About twenty years after Gutenberg’s first experiments with printing, this new craft using raised surfaces for impression spread modestly in cities such as Venice, Florence, Paris, and Lyon. However, Gutenberg’s press, due to its high production cost, was accessible only to the wealthy, and for a long time it did not gain widespread popularity. Nearly three centuries later, in 1796, a German playwright named Alois Senefelder invented lithography or stone printing. Each limestone block engraved with text or images could yield around 750 quality impressions before wearing out. Although different accounts exist regarding the beginning of lithographic printing in Iran, it is widely believed that Mirza Saleh Shirazi was the first to introduce it. Having been sent to Europe by the Iranian government to study modern sciences and arts, he returned with a lithographic press and established it in Tabriz in 1250 AH (approximately 1834 AD).
The lithographic printing house in Tabriz soon inspired similar establishments in Tehran, Isfahan, and later in other major cities across Iran. For more than fifty years, lithography remained the dominant printing method in the country, and up until the late Qajar period, nearly all printed materials in Iran were produced by this technique. Interestingly, eight years before the arrival of lithography, movable type printing using lead letters had already been introduced, but due to its higher cost and complexity, it was quickly abandoned in favor of lithography. It was only toward the end of the Qajar era that lead typesetting was revived and regained popularity. The process was relatively simple: sheets of paper were pressed against inked, raised lead type blocks, transferring the letters onto the page. Early newspaper typesetting was done manually, but later this work was automated with typesetting machines most notably the Linotype, invented in 1886 which significantly increased printing speed and efficiency. As technology advanced, mechanical typesetting gradually gave way to electronic systems.

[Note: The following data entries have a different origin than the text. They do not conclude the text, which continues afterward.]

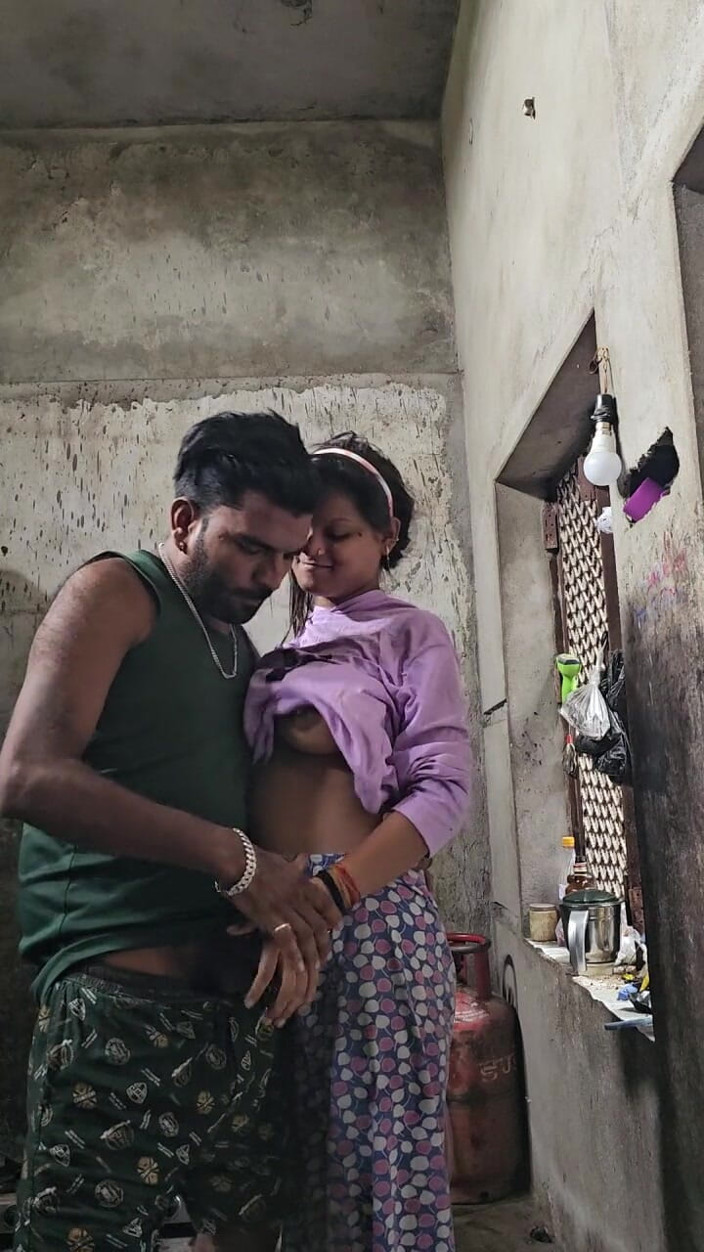 Aalox: Desi Village Frumoasa Sali pe la spate sex în bucătărie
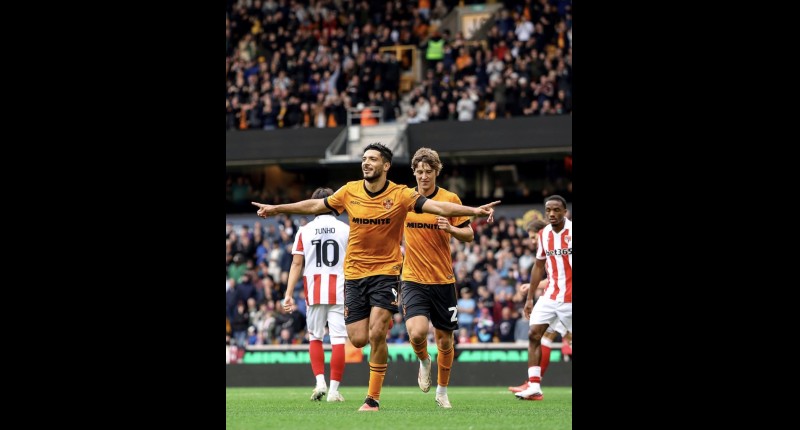 INFALIBLE: RAÚL JIMÉNEZ ANOTA SU SEGUNDO TANTO CON EL WOLVERHAMPTON AL CONVERTIR UN PENALTI EN GOLEADA AL STOKE CITY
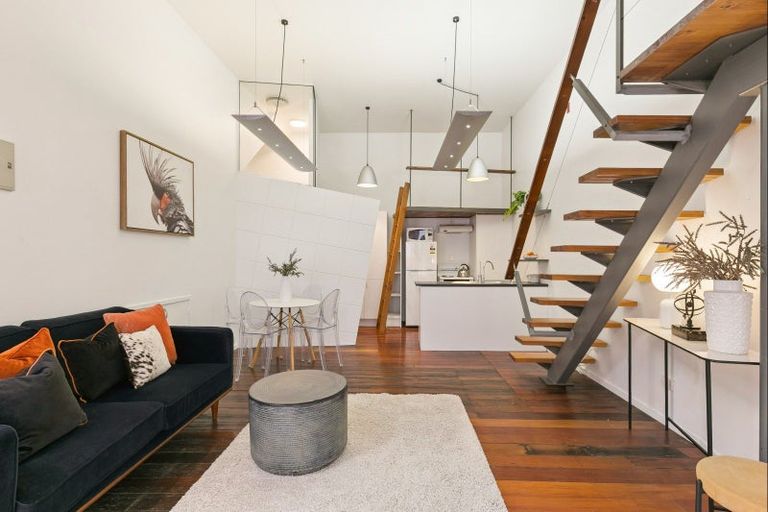 Photo of property in Courtenay Mews Apartments, 3/14 Alpha Street, Te Aro, Wellington, 6011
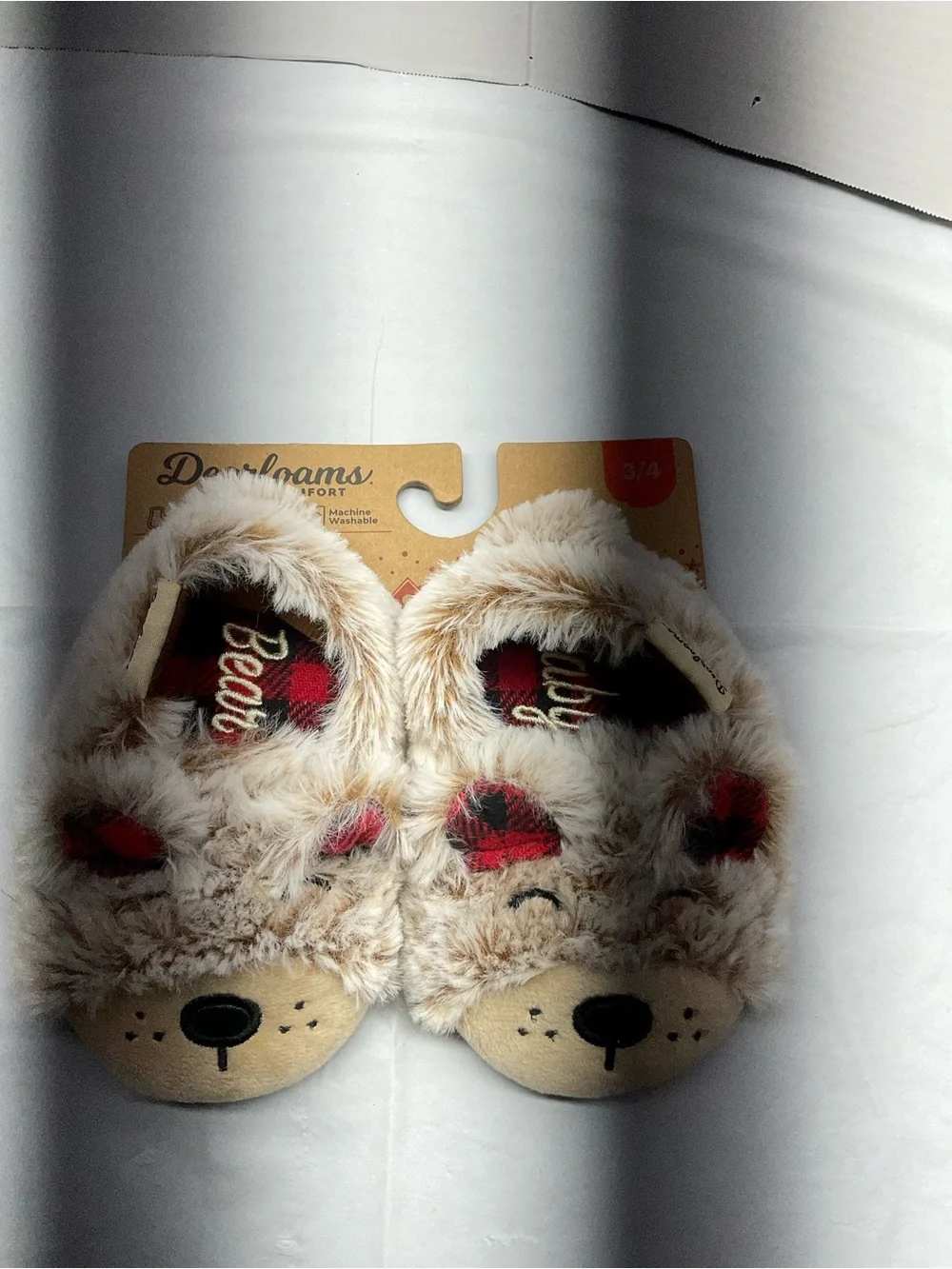 dearfoams Plush Bear Slip-On Slippers in Light Beige with Red Accents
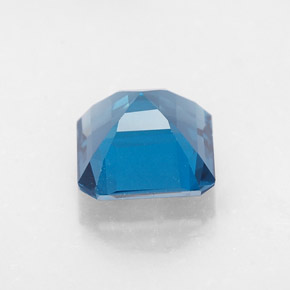 2.23カラットの天然ロンドンブルートパーズ（7.4×7.2 mm・エメラルドカット）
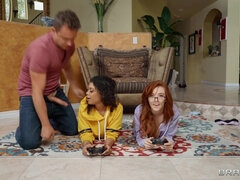 Μαύρος, Διαφυλετικό, Όργιο, Κοκκινομάλα, Έφηβος, Τρίο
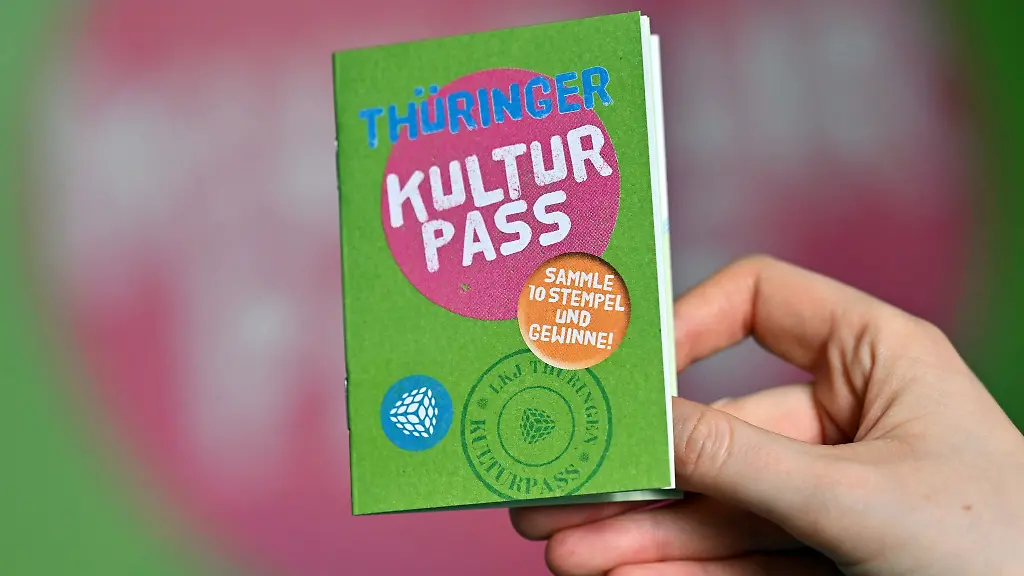 Eine-Mitarbeiterin-praesentiert-den-Thueringer-Kulturpass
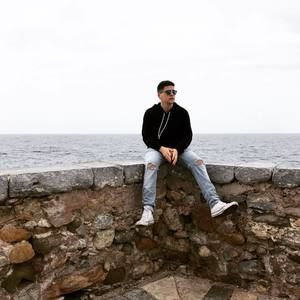 Meet your Posher, Jonathan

Some scholars trace the origins of printing in Iran back to the Ilkhanid period, while others suggest that Persian-speaking Jewish communities were among the first to recognize the importance of printed books.

In 1639, three books in Persian language and script were printed in Leiden, the Netherlands, by Christian missionary societies to promote Christianity. This printing house is considered the first to produce Persian-language books in the world. According to historical evidence, the first book ever printed inside Iran was the Psalms of David (Zabur-e Davood), printed in 1638 in New Julfa, Isfahan, in Armenian script by Armenian priests. The Armenians were the first ethnic group in Iran to establish their own printing press and publish religious texts freely. They ranked fifteenth among all nations in the world in terms of the historical timeline of printing a remarkable achievement made possible by the tolerant and supportive environment fostered by Shah Abbas I and other Safavid rulers. About thirty years after their relocation to New Julfa, the Armenians set up a printing workshop and began publishing books.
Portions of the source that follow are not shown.